Maksud dari “dengan nama Allāh” disini adalah “dengan nama Allāh saya memulai aktifitas saya”.
Maka ketika Ibnu Taimiyyah meletakkan “Bismillāhirrahmānirrahīm” di dalam muqaddimah kitāb ini, berarti: “Dengan menyebut nama Allāh yang Rahmān dan Rahīm, maka saya memulai kitāb ini.”
Dengan demikian Ibnu Taimiyyah meminta pertolongan Allāh ‘Azza wa Jalla dalam menulis kitāb ini, karena manusia satu detikpun dia tidak bisa lepas dari taufīq dan bantuan Allāh ‘Azza wa Jalla.
Tindakan Ibnu Taimiyyah memulai kitābnya dengan “Bismillāhirrahmānirrahīm” merupakan (mencontoh) dari Al Qur’ānul Karīm yang dimulai dengan “Bismillāhirrahmānirrahīm”.
Begitu pula dengan mencontoh surat-surat Rasūlullāh shallallāhu ‘alayhi wa sallam yang dikirimkan kepada raja-raja yang dimulai dengan “Bismillāhirrahmānirrahīm”.
Selanjutnya arti lafadz Jalallāh (“Allāh” Subhānahu wa Ta’āla).
Artinya adalah dzat yang memiliki hak (patut) untuk diibadahi. Sebagaimana perkataan Ibnu ‘Abbās radhiyallāhu ta’āla ‘anhu.
Selanjutnya Ar Rahmān Ar Rahīm.
Sering kita dapati yang diartikan “Maha Pengasih dan Maha Penyayang”.

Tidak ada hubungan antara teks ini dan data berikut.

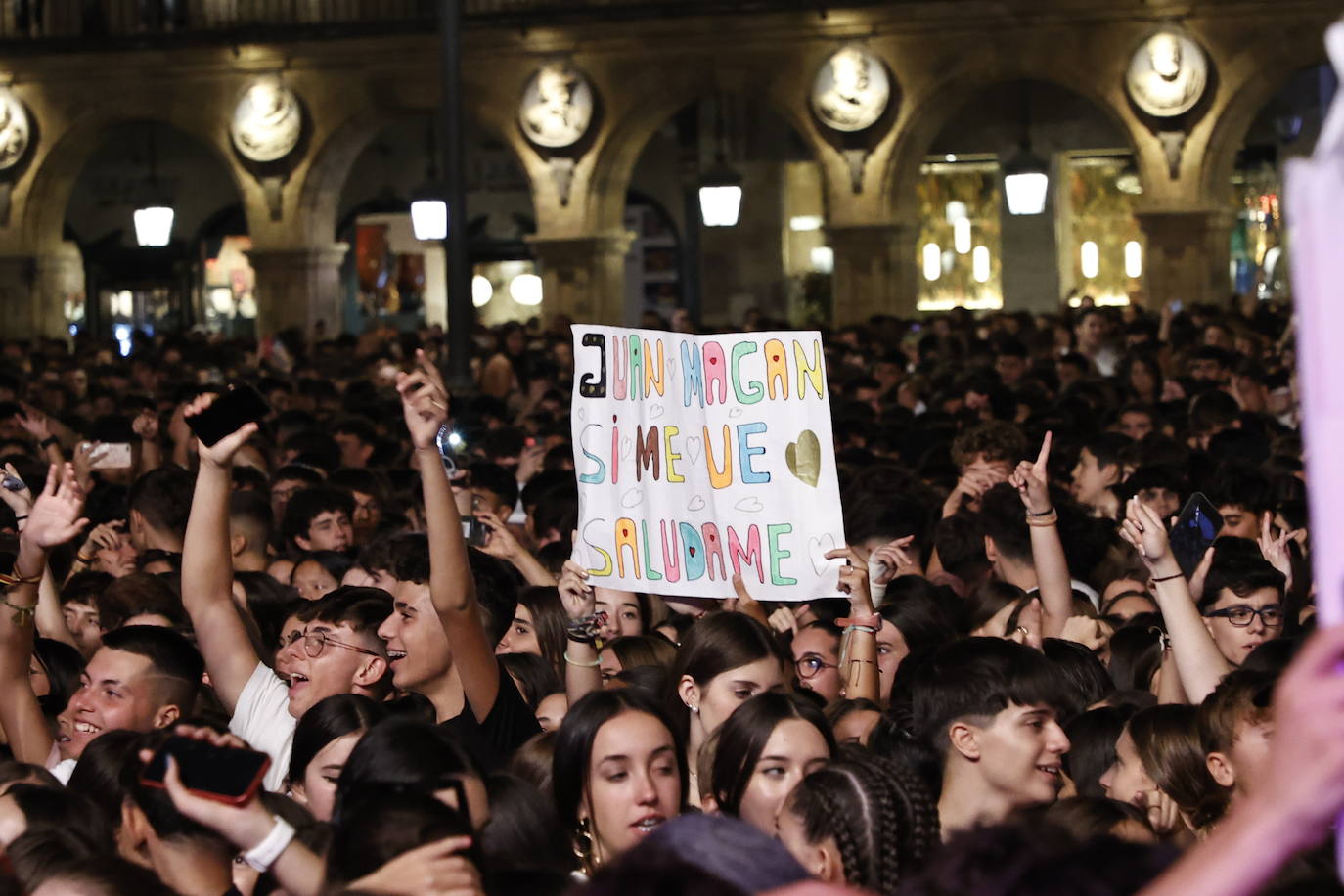 El electrolatino de Juan Magán llena la Plaza Mayor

Namun sejatinya, kalau kita membaca (membuka) buku-buku tafsir para ulamā, maka Ar Rahmān Ar-Rahīm ini, diartikan dengan lebih dalam di dalam buku-buku tersebut.
Ulamā mengartikan Ar Rahmān Ar Rahīm ini sejatinya sama. Dia adalah nama Allāh yang menunjukkan Allāh memiliki sifat Rahmān (kasih sayang).
Namun apa yang membedakannya?
Ar Rahmān dipakai untuk menunjukkan bahwa Allāh memiliki sifat rahmāh, Allāh Maha Penyayang, Allāh memiliki sifat kasih sayang.
Ar Rahīm dipakai di dalam redaksi (kalimat-kalimat) yang menunjukkan perbuatan Allāh atau menunjukkan rahmat Allāh terhadap makhluknya.
Jadi seakan-akan: kalau Ar Rahmān itu secara Dzat, Allāh Maha Pengasih. Sedangkan Ar Rahīm, Allāh melakukan kasih sayang terhadap hamba-hamba-Nya.
Kalau kita lihat di Al Qur’ān ketika menyebutkan bahwa Allāh mengasihi makhluknya maka menggunakan kata Rahīm bukan Rahmān.
Misalnya:
Firman Allāh ‘Azza wa Jalla:
وَكَانَ بِٱلْمُؤْمِنِينَ رَحِيمًۭا
_”Dan adalah Dia Maha Penyayang kepada orang-orang yang berimān.”_
(QS Al Ahzāb: 43)
⇒ Artinya Allāh mengasihi mereka, Allāh menggunakan “Rahīm” bukan “Rahmān”.
Dalam ayat yang lain, Allāh Subhānahu wa Ta’āla berfirman:
إِنَّ ٱللَّهَ بِٱلنَّاسِ لَرَءُوفٌۭ رَّحِيم
_”Sesungguhnya Allāh Maha Pengasih lagi Maha Penyayang kepada manusia.”_
(QS Al Baqarah: 143 dan QS Al Hajj: 65)
Itulah perbedaan Rahmān dan Rahim.
Yang tentunya kenapa diartikan menjadi Maha Pengasih dan Maha Penyayang, (Wallāhu A’lam) jika diartikan secara mendalam maka akan panjang dan sulit dipahami apalagi bagi kita yang mungkin tidak terlalu paham dengan bahasa Arab.
Maka untuk memudahkan, ulamā-ulamā kita hanya mencukupkan menafsirkan Ar Rahmān Ar Rahīm dengan Maha Pengasih dan Maha Penyayang.
Ini saja yang bisa saya sampaikan, kurang lebihnya saya mohon maaf, in syā Allāh kita lanjutkan dihalaqah berikutnya.